Democrats eye abortion issue as a winning ticket for 2024
After an unlikely landslide win last week in Ohio, pro-abortion activists believe they have a huge advantage with voters in the coming year, particularly in suburban swing areas, and Democrats are planning to run strongly on the issue in 2024 and beyond in hopes it can help them retake control of Congress and keep the White House.
“Abortion is going to be just as big an issue in 2024 if not bigger,” said J. Miles Coleman, a University of Virginia political analyst. “Every time it gets on the ballot, the pro-choice side wins. It’s not clear what would change that dynamic.”
Until recently, most political analysts and candidates from both parties considered the biggest impact of abortion to be in red states where Republicans have moved to ban abortion since the conservative-dominated U.S. Supreme Court overturned the landmark Roe v. Wade decision.
The abortion issue is spreading to swing states and even deep blue states like New York as pro-choice majorities push back against GOP proposals for nationwide restrictions.
“This is an issue that has turbocharged the entire electorate,” Ben Rhodes, a former adviser to President Obama said Thursday on MSNBC. “The antenna is up among American voters. They don’t like Republicans taking away abortion rights.”
Polls consistently show that about 60% or more of American voters believe abortion should be mostly legal.
The most recent boost to the pro-abortion cause came last week when voters in red-leaning Ohio turned out in record numbers and voted 57% to 43% to reject an effort by Republicans to make it more difficult to amend the state constitution by referendum.
Ohio voters are now favored to back a constitutional amendment enshrining abortion rights in the November general election – a sharp rebuke to the state’s ruling Republican lawmakers who want to implement a near-total ban.

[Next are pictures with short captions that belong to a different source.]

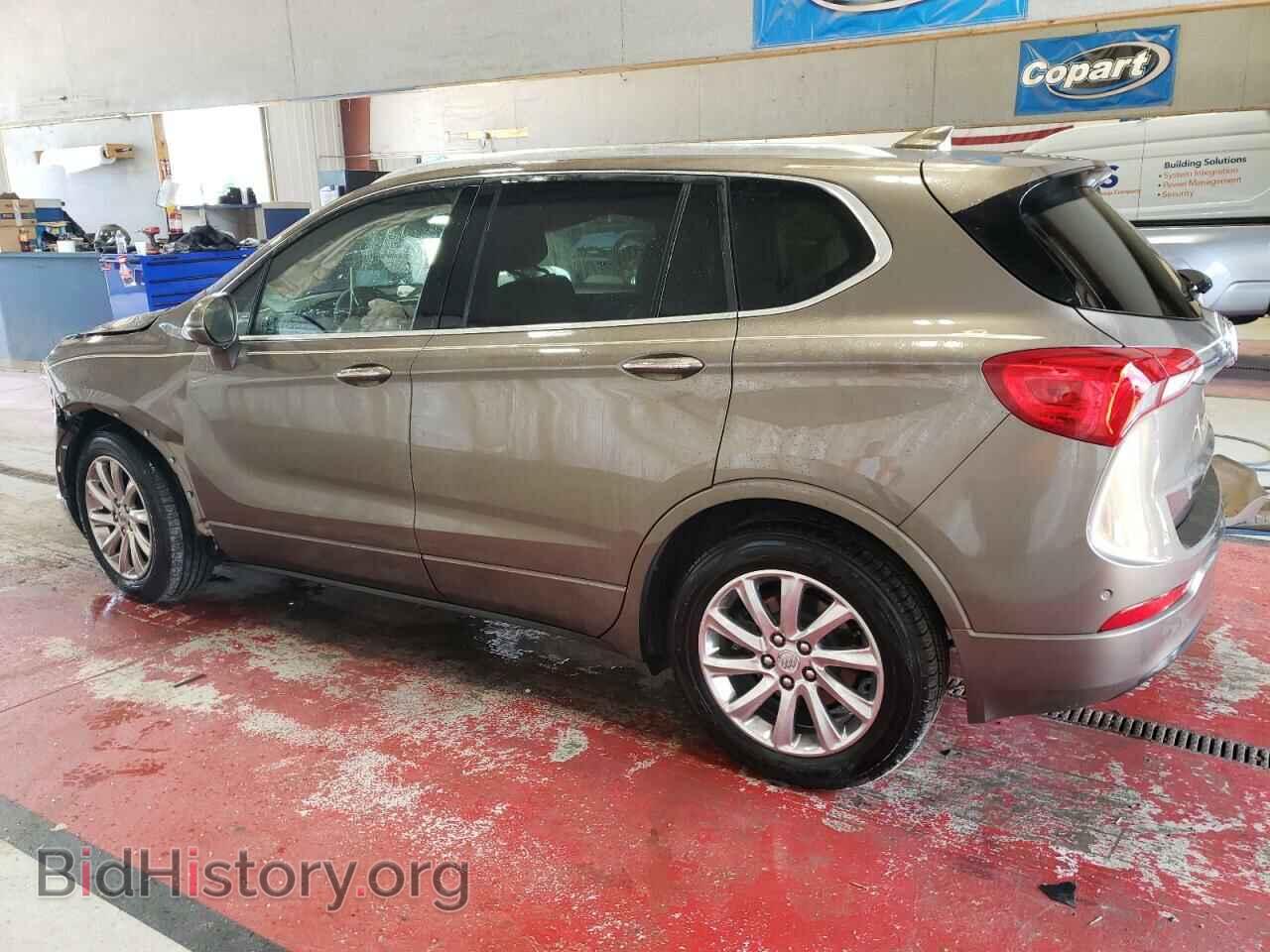 2019 BUICK ENVISION - VIN: LRBFXCSA6KD019904 - Фото 2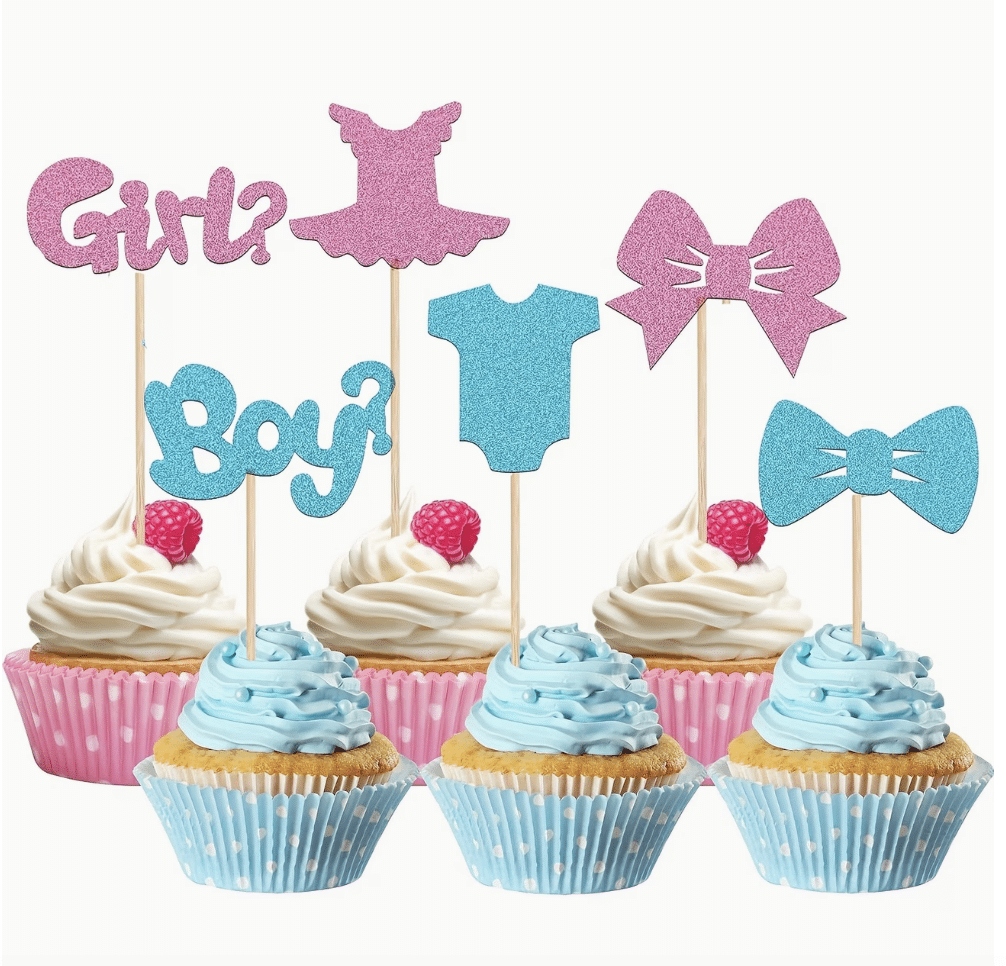 Топери за разкриване полът на бебето - Boy or Girl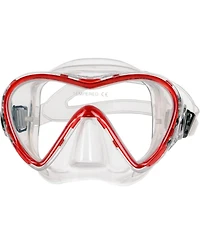 Seavenger Torpedo Tempered Glass Mask & Dry Top Snorkel Combo Set - Yellow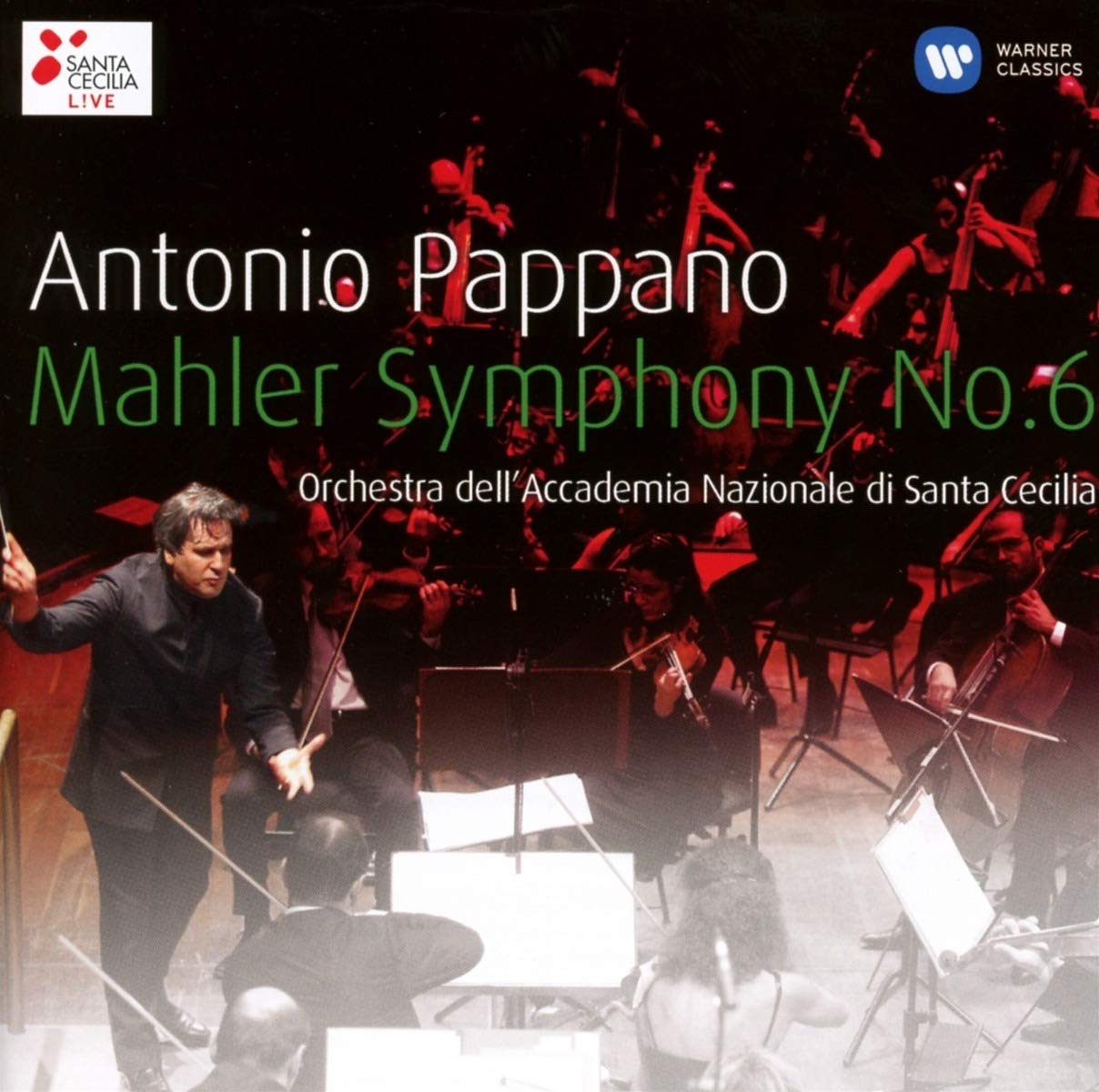 Mahler: Symphony No. 6 cd
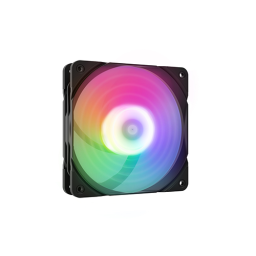 ქეისის გაგრილება - Zalman ZM-AF120R 120 mm Black ARGB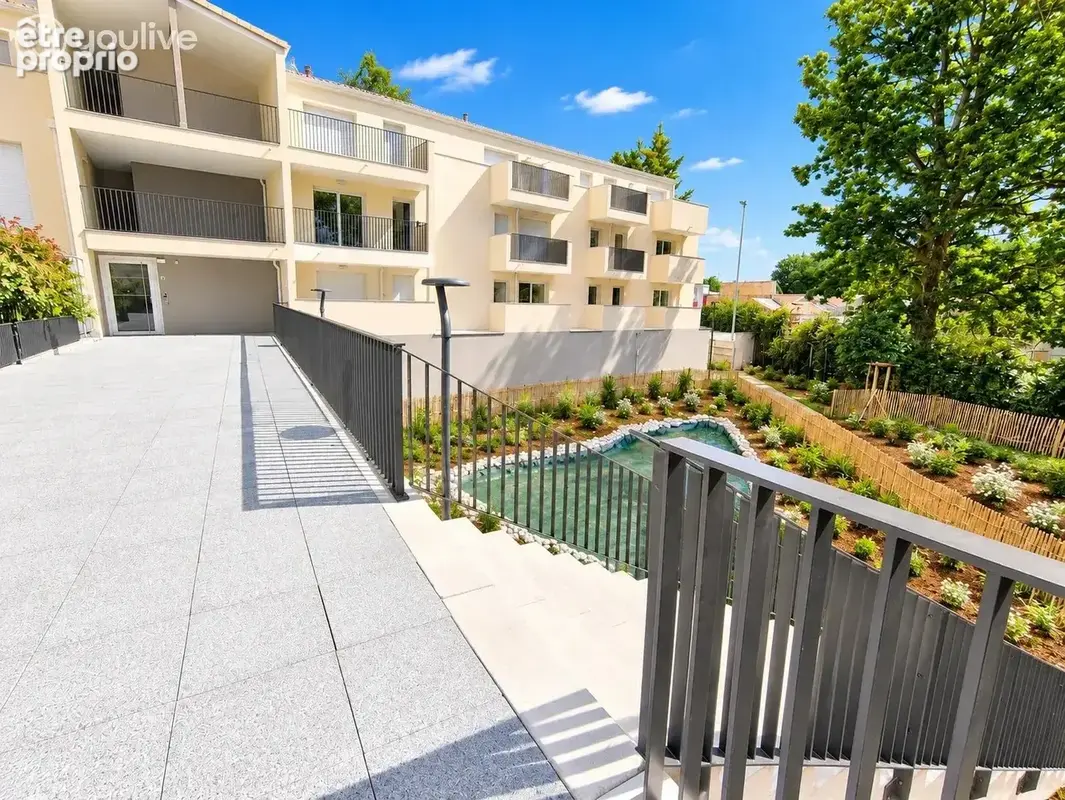 Challans – t2 neuf – balcon sur parc – parking - photo 19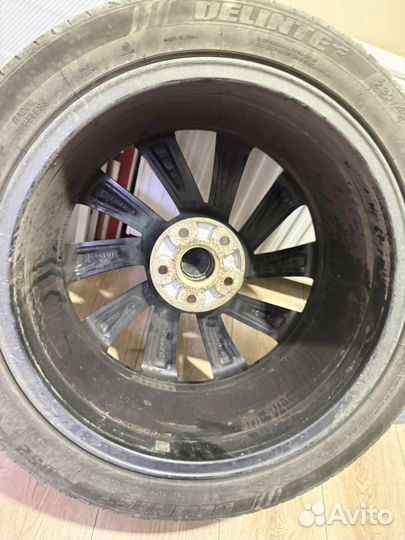 Диски skoda superb r18 оригинал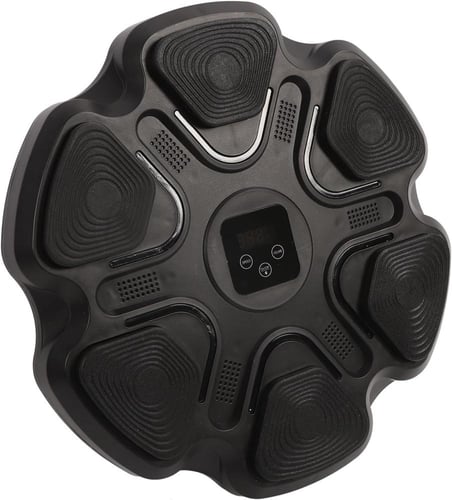 الة ملاكمة موسيقية مع قفاز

The Ohio vote comes on the heels of similar votes in the past year in red states like Kansas and Kentucky, swing states like Michigan and blue states like California.
Democrats in Arizona and New York are trying to put similar measures on the 2024 ballot that would protect abortion rights.
The goal, according to some political experts, is to juice liberal turnout to help President Biden win reelection and to put moderate Republican lawmakers, almost all of whom hold anti-abortion views, between a rock and a general-election hard place.
“This is going to be a motivating and mobilizing effort for Democrats for the next couple of decades,” said Basil Smikle, a Democratic strategist and Hunter College public policy professor. “If you’re talking about 2024, the goal is to make it a vote on reproductive rights and also democracy itself.”
Exhibit A is Rep. Pat Ryan, a moderate Democrat who represents a Hudson Valley swing district. Ryan won an upset victory special election last summer in the aftermath of the Supreme Court’s anti-abortion decision.
Now Ryan’s gearing up to use the same tactics to win reelection in a neighboring district next year, trashing “extremist Republican” plans to “rip away a woman’s right to choose.”
Nonpartisan analysts say that’s a no-brainer in deep blue New York.
In last year’s midterms, Republicans got New York voters to focus on GOP-friendly issues like crime and inflation, steering clear of abortion. They flipped four House seats.
Democrats want voters to think about Republican presidential candidates’ support for a nationwide ban on abortion and potential threats to medication abortion or even to contraception.
“If I were advising Democrats, I’d tell them to go talk to Pat Ryan,” Coleman said.
On Long Island, former Hempstead Town Supervisor Laura Gillen lost to Rep. Anthony D’Esposito, a Republican, in a South Shore district that voted for Biden by more than 10%. She says she’s determined to make abortion a difference maker in a possible 2024 rematch.
Republicans, meanwhile, know they are on the defensive on the issue, especially in suburban swing districts that overwhelmingly support abortion rights.
Rep. Mike Lawler, a Republican who won a Westchester-based district in an upset last year, says he opposes a national abortion ban like the one congressional Republicans have proposed even though he concedes the stance goes against his own anti-abortion views.
The freshman Republican is not happy about the idea of having New Yorkers vote on abortion rights at the same time they are deciding whether to send him back to Washington for a second term.
“Democrats [are] desperate to distract voters from Albany’s epic failures on taxes, crime and corruption,” said Chris Russell, a Lawler reelection campaign spokesman.